The durable fix is migrating to a maintained, block-friendly theme — one whose author still ships updates against current WordPress. It's more work than renaming a folder, but it's work you do once instead of forever. Switching themes carefully, without losing your content or rankings, is its own subject, and worth doing on staging with a backup in hand.

If you keep meeting the same theme at the bottom of every update, treat that as the signal it is. The fix isn't another patch — it's a theme that won't need one every time WordPress moves.

09FAQ

Can I roll back a WordPress update to un-break my theme?

You can restore from a backup taken before the update, which effectively rolls everything back. Rolling back core itself is possible with a plugin like WP Downgrade, but it's a stopgap — staying on an old WordPress version to keep an old theme alive just delays the same break. Fixing or replacing the theme is the real answer.

How do I know if it's the theme or a plugin?

Deactivate all plugins; if the site recovers, a plugin is involved, and you reactivate one at a time to find it. Then switch to a default theme; if that fixes it, the theme is at fault. Running both tests tells you which side broke before you spend time on either.

I'm locked out of wp-admin. What now?

Use FTP or your host's file manager. Rename the active theme's folder in wp-content/themes/ to force WordPress onto a default theme, and rename wp-content/plugins to force every plugin off. One or both usually restores admin access so you can finish the fix from inside.

Will updating my theme delete my customizations?
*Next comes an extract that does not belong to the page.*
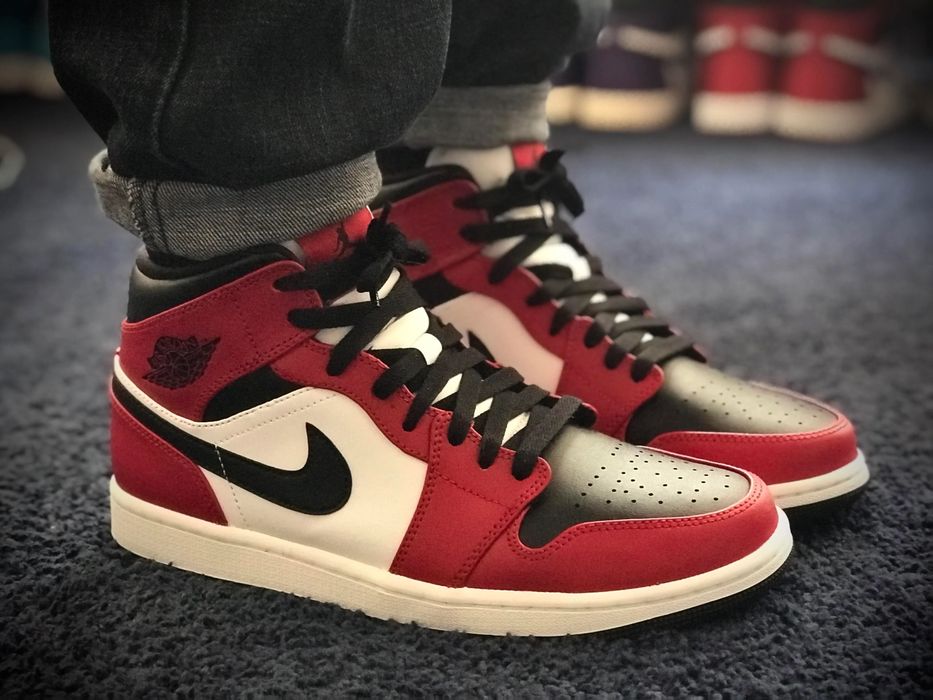 Air Jordan 1 Mid Chicago Black Toe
It will if you edited the parent theme's files directly — that's why those edits should live in a child theme or the Customizer's Additional CSS, both of which survive updates. Customizations stored that way are safe across a theme update; hand edits to parent files are not.

How often do WordPress updates actually break themes?

For a well-built, actively maintained theme, rarely — most updates pass without a hitch. Breaks cluster around major core releases, big PHP version jumps, and themes that haven't been updated in a long time. Keeping your theme and PHP current is what keeps updates uneventful.

One honest caveat: this is a general how-to, not financial, business, or professional advice. Every site is different, so test changes on a staging copy with a working backup before you trust them in production.